Your goal: There is one span to output from the data below: the lines starting at the line with "Home Decor D5534" and ending at the line with "Damas, fancy decorative font preview". Output it exactly, ends included, nothing more.

[Caption-style text data]
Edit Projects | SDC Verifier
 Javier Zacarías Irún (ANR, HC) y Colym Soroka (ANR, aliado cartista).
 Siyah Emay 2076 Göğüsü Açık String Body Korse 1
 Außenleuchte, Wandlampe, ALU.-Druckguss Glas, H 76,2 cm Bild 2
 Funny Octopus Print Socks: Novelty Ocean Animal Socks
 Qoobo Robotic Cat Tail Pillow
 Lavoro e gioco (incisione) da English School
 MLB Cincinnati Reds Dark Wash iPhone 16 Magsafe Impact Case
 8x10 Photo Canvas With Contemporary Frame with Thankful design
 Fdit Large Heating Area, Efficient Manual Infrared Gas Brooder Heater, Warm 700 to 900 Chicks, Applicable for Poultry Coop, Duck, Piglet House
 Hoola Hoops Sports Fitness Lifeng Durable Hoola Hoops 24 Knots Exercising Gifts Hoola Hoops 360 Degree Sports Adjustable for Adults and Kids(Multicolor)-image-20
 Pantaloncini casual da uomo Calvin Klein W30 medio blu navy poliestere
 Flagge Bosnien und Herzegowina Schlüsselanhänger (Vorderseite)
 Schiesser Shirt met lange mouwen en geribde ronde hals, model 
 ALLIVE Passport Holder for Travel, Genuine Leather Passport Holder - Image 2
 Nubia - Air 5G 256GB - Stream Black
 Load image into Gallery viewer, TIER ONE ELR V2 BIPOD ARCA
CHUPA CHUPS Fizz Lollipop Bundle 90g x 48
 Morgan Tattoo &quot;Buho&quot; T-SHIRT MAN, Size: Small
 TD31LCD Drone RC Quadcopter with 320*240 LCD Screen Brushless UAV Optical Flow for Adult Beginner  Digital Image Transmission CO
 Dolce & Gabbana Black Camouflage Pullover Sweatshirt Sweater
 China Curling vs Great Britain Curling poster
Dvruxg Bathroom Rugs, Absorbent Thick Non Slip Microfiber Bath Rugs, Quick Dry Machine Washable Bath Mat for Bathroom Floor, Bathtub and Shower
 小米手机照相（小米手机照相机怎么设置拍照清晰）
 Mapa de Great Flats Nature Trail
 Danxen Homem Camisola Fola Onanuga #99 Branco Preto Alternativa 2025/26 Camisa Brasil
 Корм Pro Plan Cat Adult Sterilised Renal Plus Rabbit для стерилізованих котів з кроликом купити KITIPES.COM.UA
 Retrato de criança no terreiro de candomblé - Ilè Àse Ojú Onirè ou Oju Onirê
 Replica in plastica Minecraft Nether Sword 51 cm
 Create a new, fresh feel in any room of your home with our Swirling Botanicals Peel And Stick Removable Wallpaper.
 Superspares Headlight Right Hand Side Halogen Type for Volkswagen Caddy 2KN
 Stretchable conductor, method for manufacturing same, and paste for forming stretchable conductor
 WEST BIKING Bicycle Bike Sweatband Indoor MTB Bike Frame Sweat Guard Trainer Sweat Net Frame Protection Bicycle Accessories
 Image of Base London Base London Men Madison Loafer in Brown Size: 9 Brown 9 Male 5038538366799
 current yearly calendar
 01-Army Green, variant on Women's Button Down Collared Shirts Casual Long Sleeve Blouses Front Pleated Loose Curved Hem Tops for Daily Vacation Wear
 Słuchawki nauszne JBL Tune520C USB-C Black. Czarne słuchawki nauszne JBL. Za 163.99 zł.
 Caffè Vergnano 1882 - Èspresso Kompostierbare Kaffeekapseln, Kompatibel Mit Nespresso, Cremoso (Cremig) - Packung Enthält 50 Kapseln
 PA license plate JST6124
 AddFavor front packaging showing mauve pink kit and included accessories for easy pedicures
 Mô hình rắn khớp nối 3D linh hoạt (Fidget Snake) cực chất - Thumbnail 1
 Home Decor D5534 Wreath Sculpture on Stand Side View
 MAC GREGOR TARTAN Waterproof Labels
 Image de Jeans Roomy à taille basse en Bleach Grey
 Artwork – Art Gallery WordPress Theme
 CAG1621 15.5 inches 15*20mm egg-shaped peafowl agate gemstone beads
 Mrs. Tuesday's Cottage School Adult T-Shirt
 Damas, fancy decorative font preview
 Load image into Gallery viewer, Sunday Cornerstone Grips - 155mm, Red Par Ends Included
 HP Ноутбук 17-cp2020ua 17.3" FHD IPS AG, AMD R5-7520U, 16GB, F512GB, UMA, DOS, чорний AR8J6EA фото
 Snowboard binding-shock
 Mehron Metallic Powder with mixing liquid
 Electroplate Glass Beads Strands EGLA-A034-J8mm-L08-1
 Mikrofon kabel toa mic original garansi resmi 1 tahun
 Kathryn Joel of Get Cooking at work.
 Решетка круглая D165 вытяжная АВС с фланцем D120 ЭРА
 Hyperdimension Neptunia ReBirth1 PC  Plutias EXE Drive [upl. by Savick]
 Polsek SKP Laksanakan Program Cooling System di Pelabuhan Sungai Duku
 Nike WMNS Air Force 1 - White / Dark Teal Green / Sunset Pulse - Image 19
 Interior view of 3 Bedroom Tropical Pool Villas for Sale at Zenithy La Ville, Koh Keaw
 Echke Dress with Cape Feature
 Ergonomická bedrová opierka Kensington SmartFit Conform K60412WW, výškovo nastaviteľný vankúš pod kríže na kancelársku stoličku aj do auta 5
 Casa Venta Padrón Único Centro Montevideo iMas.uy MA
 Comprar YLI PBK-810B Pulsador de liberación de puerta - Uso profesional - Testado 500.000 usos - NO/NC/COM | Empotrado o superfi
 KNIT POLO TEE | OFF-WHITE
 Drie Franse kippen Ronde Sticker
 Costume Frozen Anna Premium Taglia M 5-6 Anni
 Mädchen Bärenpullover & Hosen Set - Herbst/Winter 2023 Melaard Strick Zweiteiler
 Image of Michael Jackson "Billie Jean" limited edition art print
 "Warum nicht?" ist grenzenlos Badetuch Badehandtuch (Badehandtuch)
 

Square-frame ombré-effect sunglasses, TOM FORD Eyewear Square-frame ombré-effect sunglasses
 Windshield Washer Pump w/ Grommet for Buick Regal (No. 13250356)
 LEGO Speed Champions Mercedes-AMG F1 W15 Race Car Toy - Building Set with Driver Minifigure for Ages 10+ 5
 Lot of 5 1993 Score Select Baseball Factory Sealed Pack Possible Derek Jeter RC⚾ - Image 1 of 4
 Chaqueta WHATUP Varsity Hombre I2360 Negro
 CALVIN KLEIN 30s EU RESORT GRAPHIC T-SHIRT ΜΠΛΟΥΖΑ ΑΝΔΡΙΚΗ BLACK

Exercise response:
 Home Decor D5534 Wreath Sculpture on Stand Side View
 MAC GREGOR TARTAN Waterproof Labels
 Image de Jeans Roomy à taille basse en Bleach Grey
 Artwork – Art Gallery WordPress Theme
 CAG1621 15.5 inches 15*20mm egg-shaped peafowl agate gemstone beads
 Mrs. Tuesday's Cottage School Adult T-Shirt
 Damas, fancy decorative font preview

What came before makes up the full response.